Wilayah terparah di Nepal mencakup Distrik Rasuwa dan Distrik Nuwakot di Provinsi Bagmati, kawasan Pasar Dhunge, hingga area Danau Gosaikunda. Luapan air besar dari Sungai Bhotekoshi, Sungai Trishuli, dan Sungai Narayani menyapu permukiman warga secara tiba-tiba saat aktivitas harian baru dimulai.
Otoritas berwenang mencatat korban meninggal di wilayah Nepal mencapai sedikitnya 157 orang, dengan 403 orang dilaporkan masih hilang. Di antara korban hilang tersebut, terdapat 341 wisatawan asing, 62 warga lokal yang sedang melakukan perjalanan ibadah dalam rangkaian Festival Janai Purnima di Danau Gosaikunda, serta 28 personel kepolisian Nepal yang sedang bertugas. Sementara itu, di wilayah perbatasan County Gyirong, Tibet (Tiongkok), tercatat 265 orang dilaporkan hilang.
Dampak kerusakan infrastruktur di lapangan tergolong sangat parah. Arus banjir dan endapan lumpur pekat menyapu hampir 40 kilometer ruas jalan raya serta merusak sedikitnya 19 jembatan hingga putus. Fasilitas umum dan ekonomi, seperti Pasar Dhunge, rusak total dengan lumpur menimbun bangunan permukiman hingga ke lantai dua.
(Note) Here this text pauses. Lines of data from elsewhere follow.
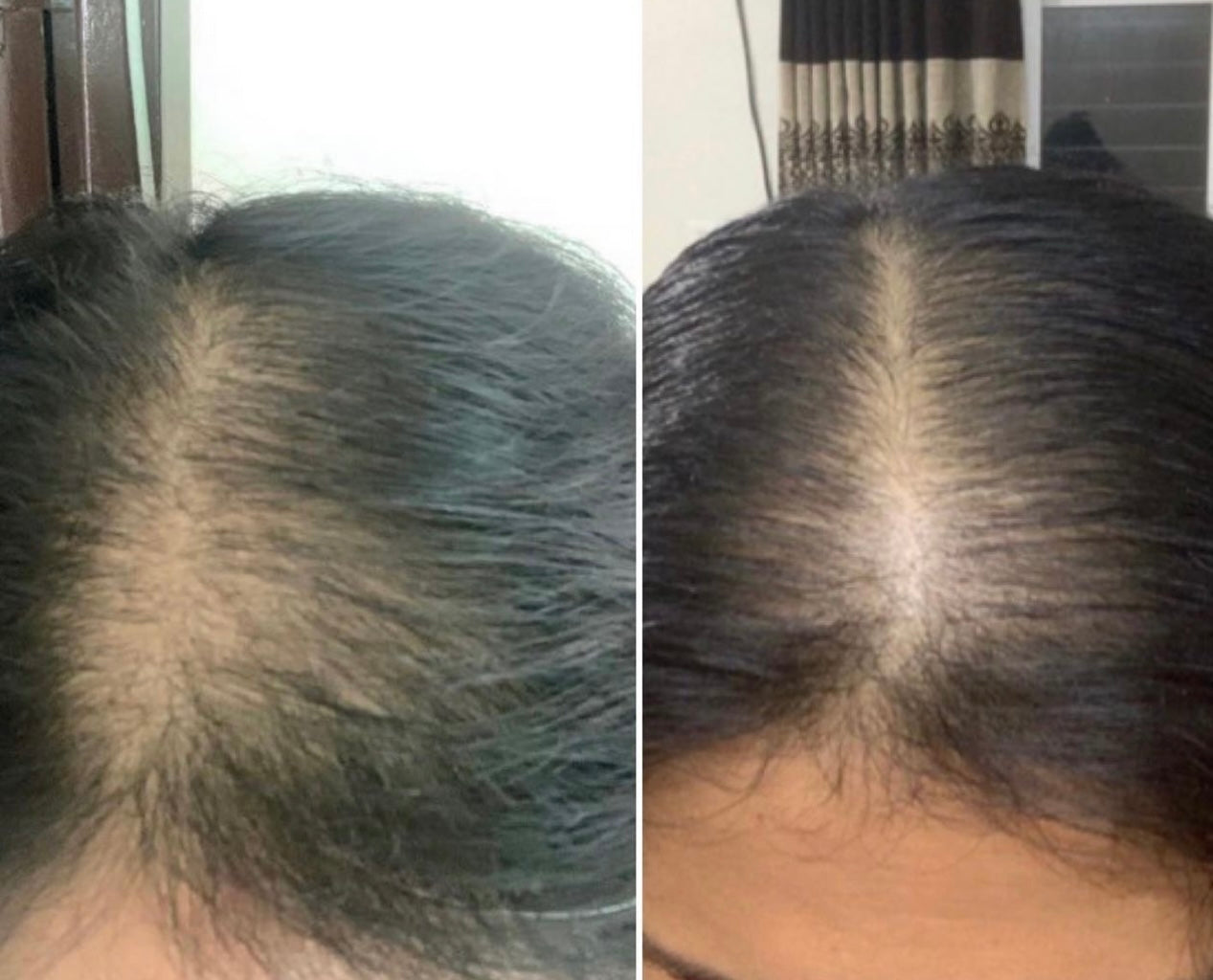 Intense Growth Oil Treatment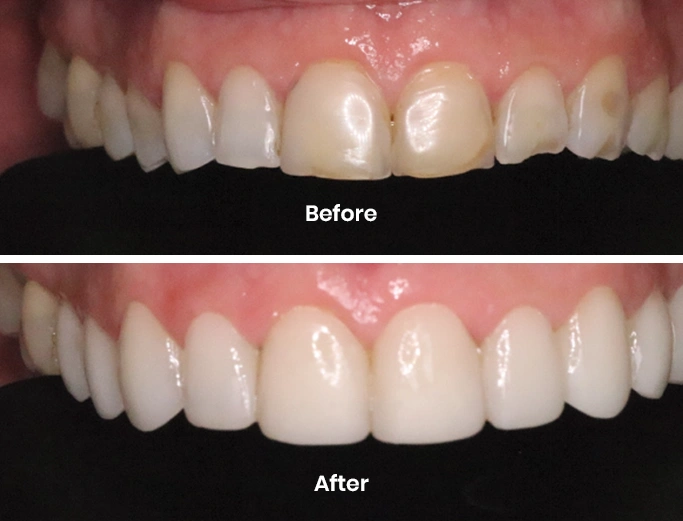 Before composite bonding in dentistry?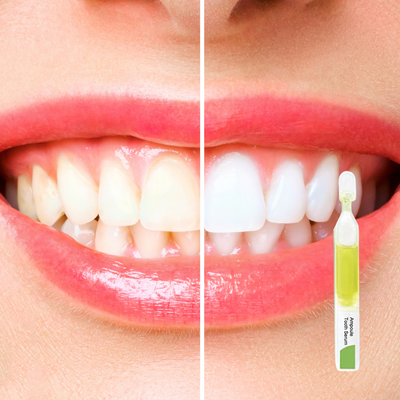 TLOPA Ampullenzahnpasta | Whitening Zahnpasta | Minzgeschmack | Sanfte Formel | 1 Stück | 50% Rabatt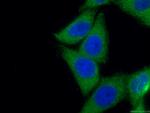 STAT4 Antibody in Immunocytochemistry (ICC/IF)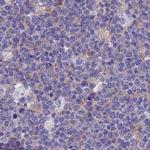 LZTFL1 Antibody in Immunohistochemistry (IHC)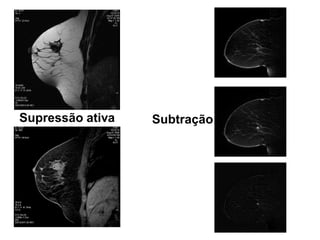 Supressão ativa Subtração  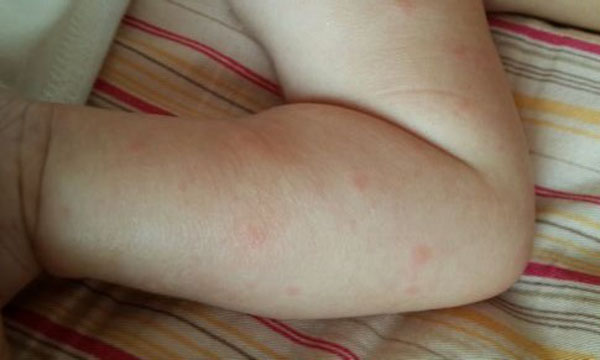 宝宝起了一块红疙瘩是荨麻疹吗,宝宝得了荨麻疹头上为什么有包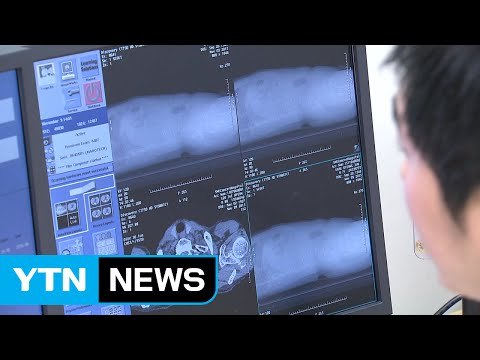 '침묵의 살인자' 췌장암, 예방이 중요하다! / YTN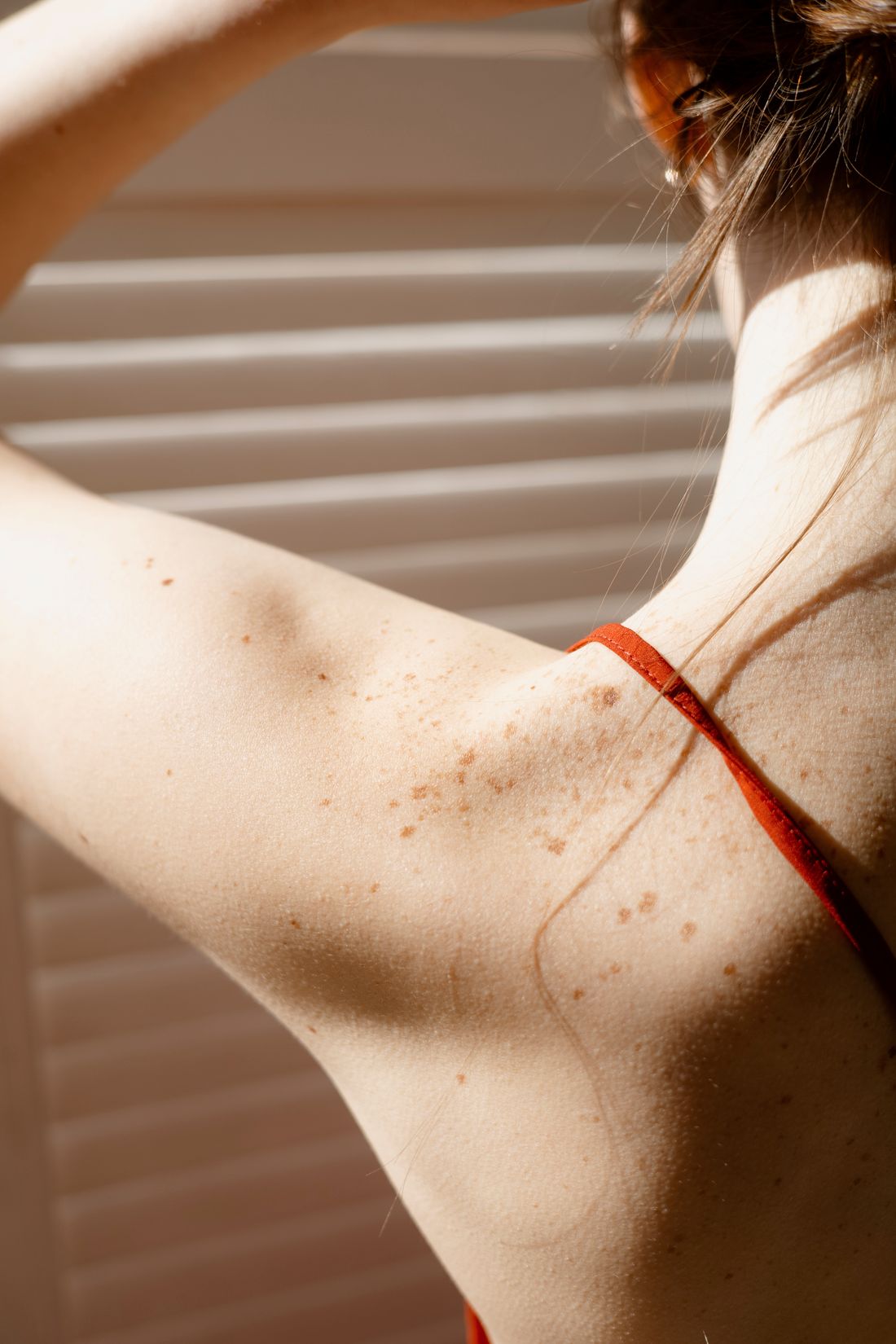 Natural freckles and skin texture on a sunlit shoulder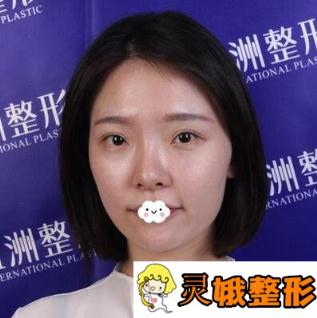 找刘骏医生做完隆鼻失败修复，鼻子终于变成了我想要的样子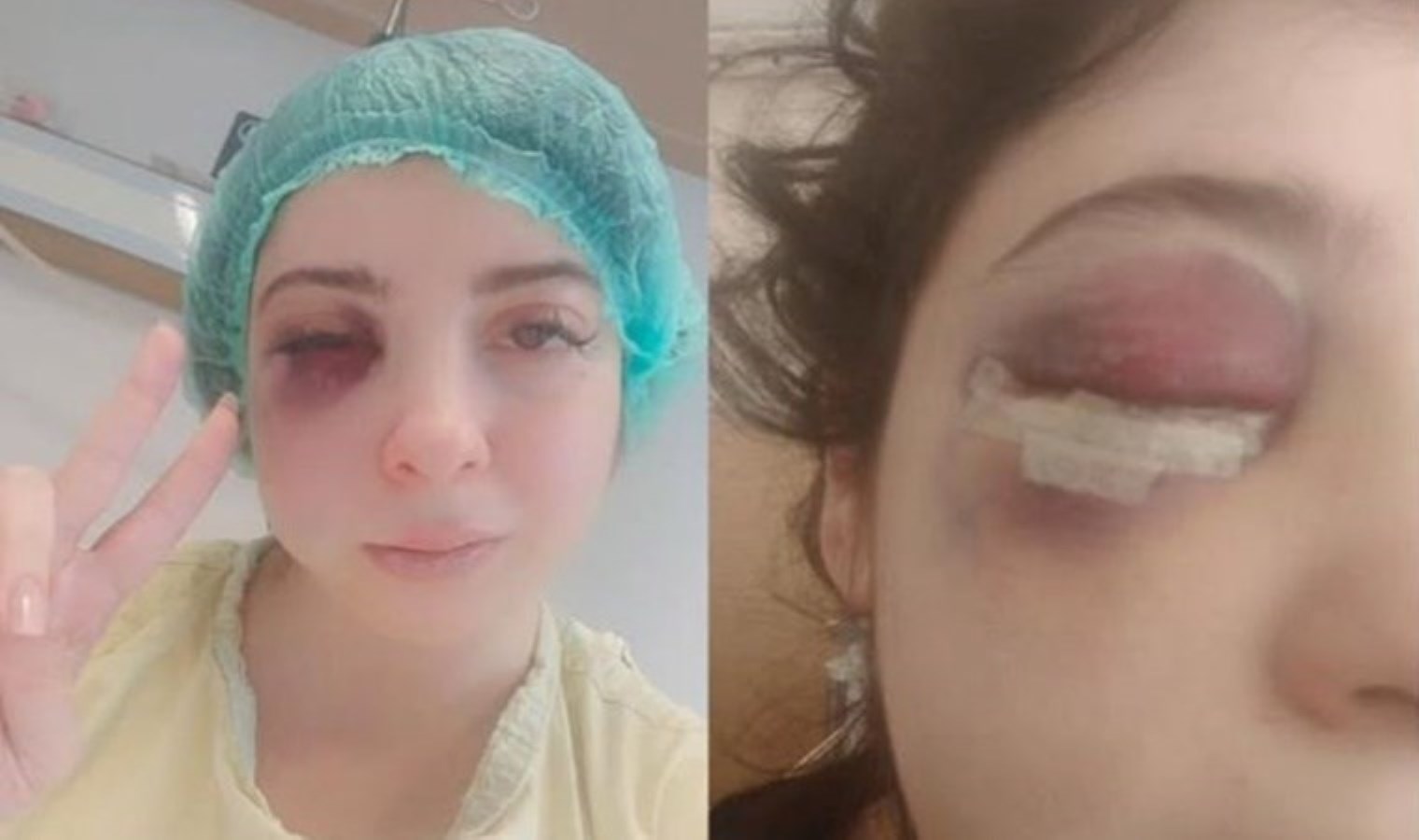 Sokak ortasında tacize uğrayıp darbedilen Damla: Artık yüzümün sol tarafını hissetmiyorum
Selain melumpuhkan transportasi dan menimbun banyak kendaraan, bencana ini juga merusak parah sejumlah proyek pembangkit listrik tenaga air di sepanjang aliran sungai serta merusak jaringan kabel listrik. Proses pencarian dan penyelamatan terus berlangsung di tengah sulitnya akses akibat timbunan puing dan lumpur.